Is complexity outpacing the ability to manage risk?
Email has become a curse for bankers. Last week, Citi, Merrill Lynch and UBS agreed to pay nine-digit fines each to the US authorities, and agreed to buy back about $40 billion of “auction rate securities” sold to individual investors on dubious promises. (Auction rate securities are supposedly liquid long-term bonds with interest rate re-set every 7, 14 or 35 days in auctions.) It may be recalled that email evidence was also helpful in nabbing US bankers who had mis-sold highly over-priced equities in the dotcom boom in the late 1990s.
The Financial Times (August 2) quotes an email sent by a Merrill executive in November last year: “(The auction rate securities) market is collapsing. No more $2k dinners at CRU!” In February this year, Merrill was still selling the same securities describing them as “a good, conservative, reasonable, investment” to individual investors. As the market had collapsed, investors who had put money assuming the investments to be short-term and liquid were stuck with the securities — hence the buyback enforced on the three banks mentioned above.
Bankers are by no means the only culprits: Rating companies are not far behind. To quote an email from a rating company analyst: “Let’s hope we are all wealthy and retired by the time this house of cards falters”. The mail is of December 2006: For quite some time thereafter investments linked to sub-prime mortgages continued to be assigned AAA ratings. A report by the US Securities and Exchange Commission, from which the quote is taken, accuses rating companies of flouting conflict of interest norms and fudging ratings. Another analyst quoted in the SEC report wrote in April 2007 that “It could be structured by cows and we would rate it”; that she had measured only half the risk before she was forced to provide a rating! The fees were too juicy?
It may be mentioned that institutional investors are not covered by the buybacks referred to at the beginning of the article — and there are any number of unsophisticated institutional investors sitting on losses on investments they thought were as safe as a treasury bill. Local authorities, school boards in Florida and Australia and many others were sold securities by blue chip banks, only to see them default in a matter of months after purchase. As can be expected in a litigious society like the United States, lawyers are having a field day as banks face a “tsunami” of suits involving billions of dollars and accusing banks of providing false and misleading information to investors. In too many cases, the unsophisticated end-user finds himself without a chair when the music stops.
One other interesting feature to come out of these “mature” financial markets and “sophisticated” accounting systems is that accountants are singing off on different values of the same security for different clients! In a way, this is not very surprising. In the absence of an active and liquid market, accounting rules allow investors to mark the investments to (mathematical) models. In the case of complex, structured products there is no single mathematical model universally accepted for valuing them. One imagines that, if auditors did not find anything grossly illogical in the model being used by the investor in a consistent fashion, they would accept the valuation — and hence perhaps the variations. (There is of course yet another variation of MTM — mark-to-myth a stratagem used extensively by corporations, like Enron, to hide losses.)

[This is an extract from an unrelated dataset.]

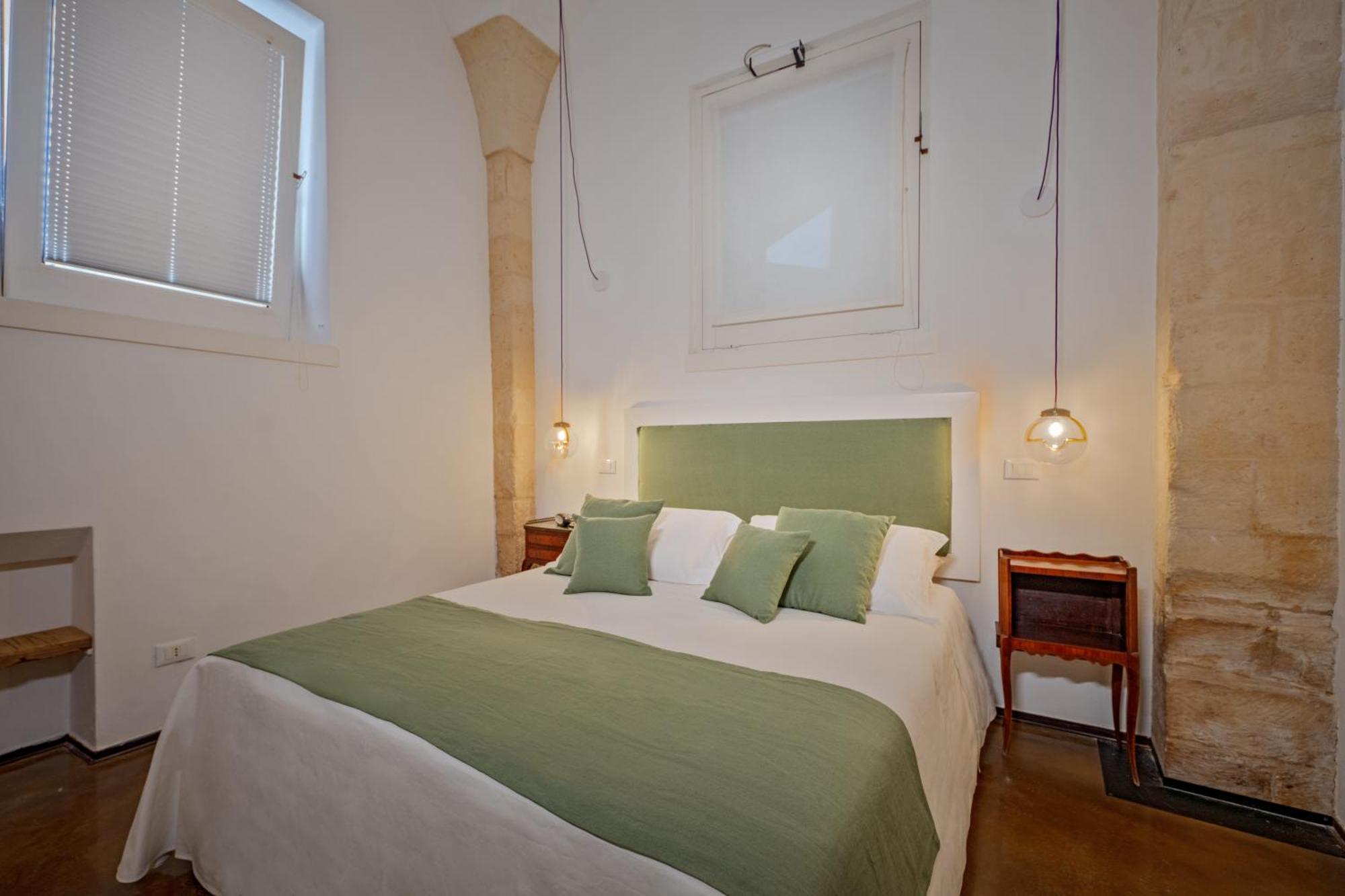 Bed and Breakfast Vico dei Bolognesi Palazzo Personè à Lecce Extérieur photo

The problem, of course, is the ever greater complexity of derivative products: The objective of structuring them is not to meet any genuine hedging need or investor demand as to hide pricing margin and risks. As markets in vanilla products become more efficient, dealer profitability, and bonuses, suffer and hence the attractions of promoting complex, structured products. As James Tobin, the Nobel Laureate, said back in 1984: “I confess to an uneasy...suspicion, perhaps unbecoming in an academic, that we are throwing more and more of our resources, including the cream of our youth, into financial activities remote from the production of goods and services.....I suspect that the immense power of the computer is being harnessed to this ‘ paper economy’, not to do the same transactions more economically but to balloon the quantity and variety of financial exchanges” for the benefit of the structures. The problem, of course, is that knowledge asymmetry means risk often finally lands on the shoulders of those least able to appreciate, let alone price, it. But not always, as banks have discovered while writing off $500 billion in subprime mortgage-based securities. Is complexity outpacing the ability of even the most sophisticated players to measure, manage and price risk? As Satyajit Das argued in his “Traders, Guns and Money”: “Too large a proportion of recent mathematical economics are concoctions, as imprecise as the initial assumption they rest on, which allow the author to lose sight of the complexities and interdependencies of the real world in a maze of pretentious and unhelpful symbols.”